Back when I was dumber than I am now, I was talking with a friend about where I would best fit in the industry. He told me that any job that exists outside of film exists within it -cop, reporter, you name it. Eventually I said with some resignation, ‘I’ll just direct’. My friend retorted, ‘That’s like saying I’ll just be CEO’. After that shot of perspective, I understood the importance of the director. So it was with great humility I saw three of the best at Film Independent’s Director’s Close-Up.

The event was held at the Landmark Theater and was moderated by co-founder and editor-in-chief Greg Ellwood. He struck me as a fan boy who worked his ass off to reach his enviable position. The panel of directors consisted of Mike Mills (Beginners), Jonathan Levine (50/50), and Jeff Nichols (Take Shelter). Let me go ahead and be honest and say that I have only seen two of these films, 50/50 and Take Shelter, and so was unfamiliar with Mike Mill’s work. Fascinating then that he left the biggest impression on me at the end of the night. That is to take nothing away from the contributions of the other two.

The panel opened up talking about how their films came to be. This is another reason I could never direct: Not enough patience. Jeff Nichols shot his first film Shotgun Stories in 2004, first festival in 2007, in theaters in 2008. And this was a good film! Jonathan Levine expressed his relief in the hype surrounding 50/50 compared to other projects, people would tell him how good they hear his movie is even though it hasn’t even premiered.
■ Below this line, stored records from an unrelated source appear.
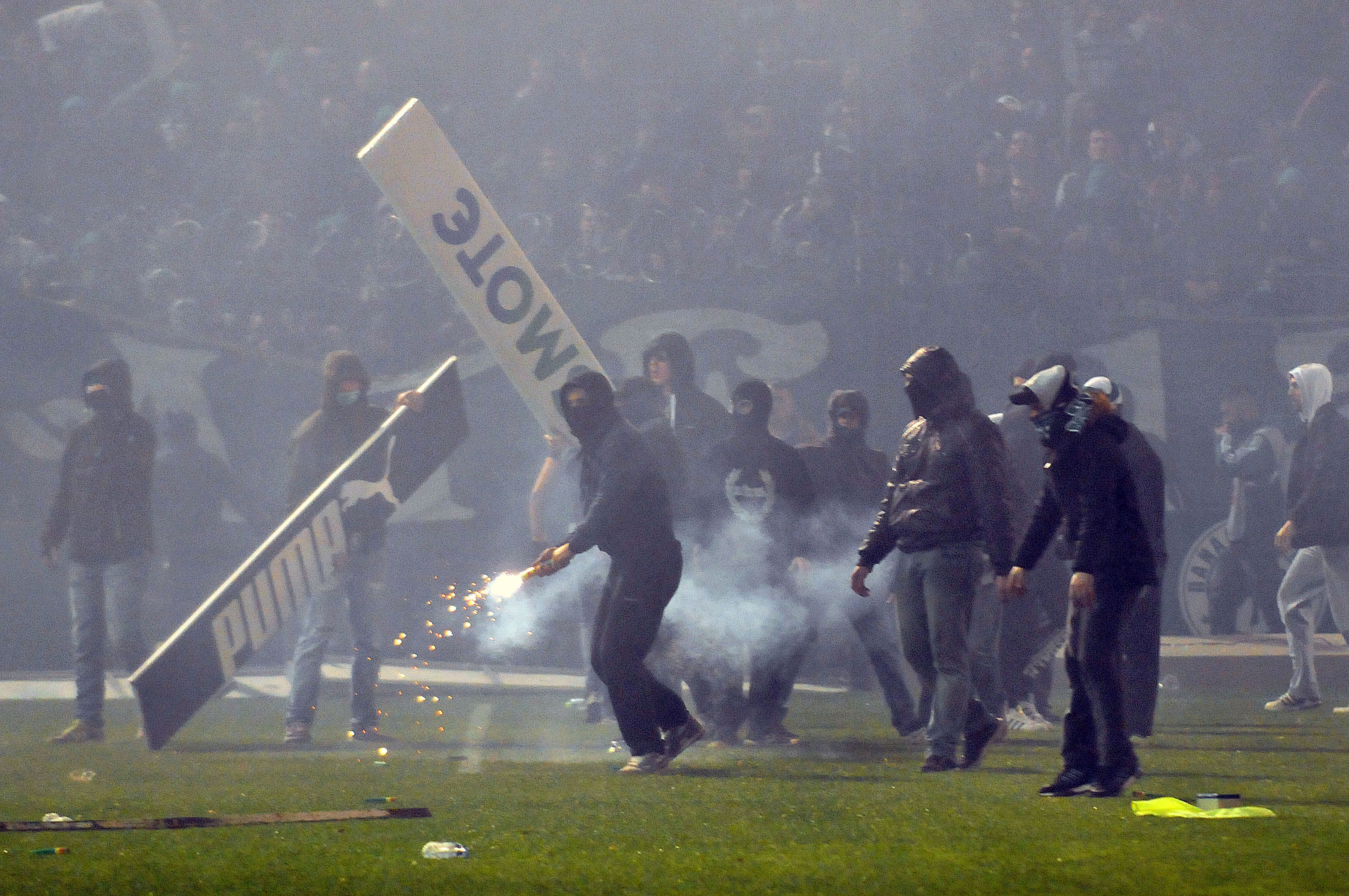Haos la Atena. Derby-ul campionatului Greciei, anulat din cauza violenței / GALERIE FOTO&VIDEO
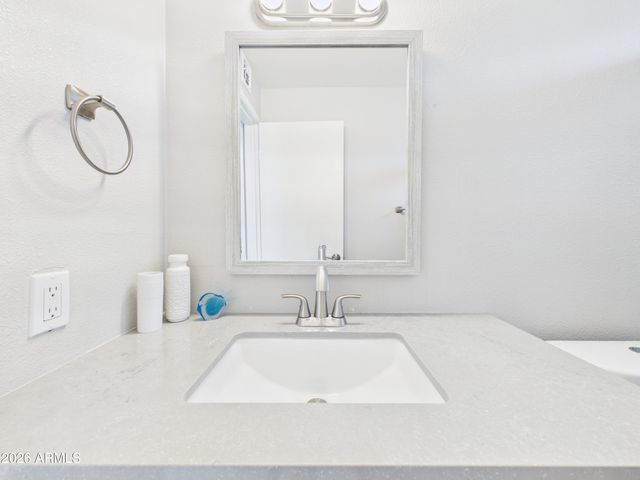 4101 E MANDAN Street, Phoenix, AZ 85044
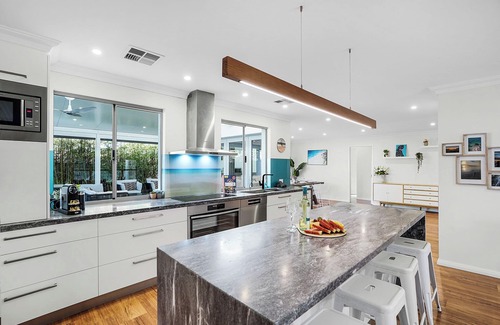 Mullaloo House | Luxe Lagoon: Family-Friendly Retreat with Pool!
Despite the hype, there was a Cuban Missile Crisis like moment when Levine lost then lead James McAvoy just days away from shooting. Fortunately Joseph Gordon-Levitt came in and the rest is history. This left them little time to rehearse. When asked if he was nervous about the lack of rehearsal, Levine responded that at that point, he was so relieved that the film didn’t just fall apart.

Warning to lazy actors: Mike Mills loves to rehearse, and to take his actors for some Magic Mountain rollercoaster rides to demonstrate the highs and pitfalls and dread associated with love. He defends this by stating that the actors are only willing to go as far as you do. On the flip side, Jeff Nichols does not rehearse. In fact, him and his three-time lead (I’m including the not yet released Mud) Michael Shannon do not even talk except after they are ready to move on. Even then Shannon only asks if he got it or not.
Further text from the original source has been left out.